Ob es den Begriff „melodische Ambientmusik“ gibt, weiß ich nicht. Ich würde diesen 21 Minuten wunderschöner Elektronischer Musik jedenfalls ein solches Etikett aufkleben. Bilder steigen beim Hören der Musik auf: Der Weg durch von Hecken gesäumte Felder, vereinzelt ein Baum, es ist ein sonniger, nicht zu warmer Tag. Nach 15 Minuten scheint das Stück zu enden. Doch es ist ein Wechsel in der Stimmung. Vielleicht macht der Weg zum Pfarrhaus eine Biegung und gibt den Blick auf das Haus (bzw. den Ort, wo es einmal stand) frei. Die Musik jedenfalls bekommt eine leicht dunklere Färbung. Unsicherheit macht sich breit, was Marianne dort erwartet... So offen und erwartungsvoll endet auch das Stück.

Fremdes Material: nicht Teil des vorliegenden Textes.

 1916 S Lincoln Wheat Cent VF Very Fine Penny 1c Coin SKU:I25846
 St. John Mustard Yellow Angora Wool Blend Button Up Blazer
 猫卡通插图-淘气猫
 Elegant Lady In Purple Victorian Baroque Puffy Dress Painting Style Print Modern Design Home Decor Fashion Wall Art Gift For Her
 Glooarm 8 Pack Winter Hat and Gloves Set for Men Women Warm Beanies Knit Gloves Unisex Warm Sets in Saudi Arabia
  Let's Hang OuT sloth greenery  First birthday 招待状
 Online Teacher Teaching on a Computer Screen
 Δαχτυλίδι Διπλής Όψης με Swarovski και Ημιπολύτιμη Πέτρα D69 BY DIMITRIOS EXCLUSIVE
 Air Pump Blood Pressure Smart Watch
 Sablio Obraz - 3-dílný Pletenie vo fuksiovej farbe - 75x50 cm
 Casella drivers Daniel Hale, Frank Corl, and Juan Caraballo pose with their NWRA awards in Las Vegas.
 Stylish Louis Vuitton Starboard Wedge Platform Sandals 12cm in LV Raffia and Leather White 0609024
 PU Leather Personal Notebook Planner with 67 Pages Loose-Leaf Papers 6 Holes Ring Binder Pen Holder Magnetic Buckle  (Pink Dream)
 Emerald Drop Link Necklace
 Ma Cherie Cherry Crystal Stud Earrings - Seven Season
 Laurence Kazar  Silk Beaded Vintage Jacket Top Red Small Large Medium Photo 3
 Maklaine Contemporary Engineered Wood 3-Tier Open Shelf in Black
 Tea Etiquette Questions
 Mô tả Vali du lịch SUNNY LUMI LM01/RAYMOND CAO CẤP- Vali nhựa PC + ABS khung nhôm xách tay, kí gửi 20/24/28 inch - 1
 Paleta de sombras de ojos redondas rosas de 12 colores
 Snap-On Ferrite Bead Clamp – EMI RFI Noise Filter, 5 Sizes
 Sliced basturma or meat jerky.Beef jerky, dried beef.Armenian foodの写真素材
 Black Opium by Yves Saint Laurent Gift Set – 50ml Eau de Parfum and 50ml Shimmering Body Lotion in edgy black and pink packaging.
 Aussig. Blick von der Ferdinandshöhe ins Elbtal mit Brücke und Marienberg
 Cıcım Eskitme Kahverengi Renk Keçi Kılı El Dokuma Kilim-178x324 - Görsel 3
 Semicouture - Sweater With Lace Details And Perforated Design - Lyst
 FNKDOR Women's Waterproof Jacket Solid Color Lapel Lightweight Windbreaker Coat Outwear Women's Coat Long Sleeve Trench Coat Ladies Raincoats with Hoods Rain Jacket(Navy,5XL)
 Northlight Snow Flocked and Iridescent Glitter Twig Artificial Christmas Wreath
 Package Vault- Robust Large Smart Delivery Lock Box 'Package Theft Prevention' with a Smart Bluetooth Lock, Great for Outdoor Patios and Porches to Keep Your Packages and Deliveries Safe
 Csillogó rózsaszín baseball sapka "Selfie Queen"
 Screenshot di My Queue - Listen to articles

Anders entwickelt sich der Ross Baker Remix von „Walking With Marie Lairre“. Das Stück stammt eigentlich von „A Diary Of Occurrences“, und wurde von Ross Baker neu interpretiert. Der Name dieses englischen Musikers war mir bislang völlig unbekannt. Andy Condon kennt und schätzt ihn schon einige Jahre, und so trat er mit der Bitte um eine Bearbeitung des Tracks an Ross Baker heran. Andy war von diesen Remix derart begeistert, dass er ihn hier mit veröffentlicht hat. Die Essenz von „Walking With Marie Lairre“, wie z. B. die glockenhellen Klänge, die sich in mein Gedächtnis eingegraben haben, sind erhalten geblieben. Aber drum herum hat Ross Baker ein Stück gewoben, was den Ursprung doch sehr verändert. Daher passt der Begriff „reworking“, den Andy Condon auch verwendet, viel besser, als das im Titel genannte „remix“. Es ist ein bisschen wie eine Sound-Collage, es werden unterschiedlichste Elemente wie gesprochene Texte, maschinell klingende Geräusche und Flugzeuge, Vogelstimmen, und eben auch einzelne Töne verwendet. Zwischendurch tauchen immer wieder die Klavierläufe und glockenartigen Klänge von The Glimmer Room auf. Die Melodie, die in dem Stück ursprünglich enthalten ist, wurde aber ganz weggelassen. Ich persönlich habe noch nicht wirklich einen Zugang zu dem Ross Baker Remix gefunden. Vielleicht liegt es daran, dass ich mich nicht recht vom Original lösen mag, weil es mir so gut gefällt. Was hier im Ross Baker Remix aber im Gegensatz zur Originalversion deutlicher transportiert wird, ist eine seltsame oder auch etwas gespenstische Stimmung. Die ist im ganzen Stück zu spüren, im letzten Drittel noch verstärkt.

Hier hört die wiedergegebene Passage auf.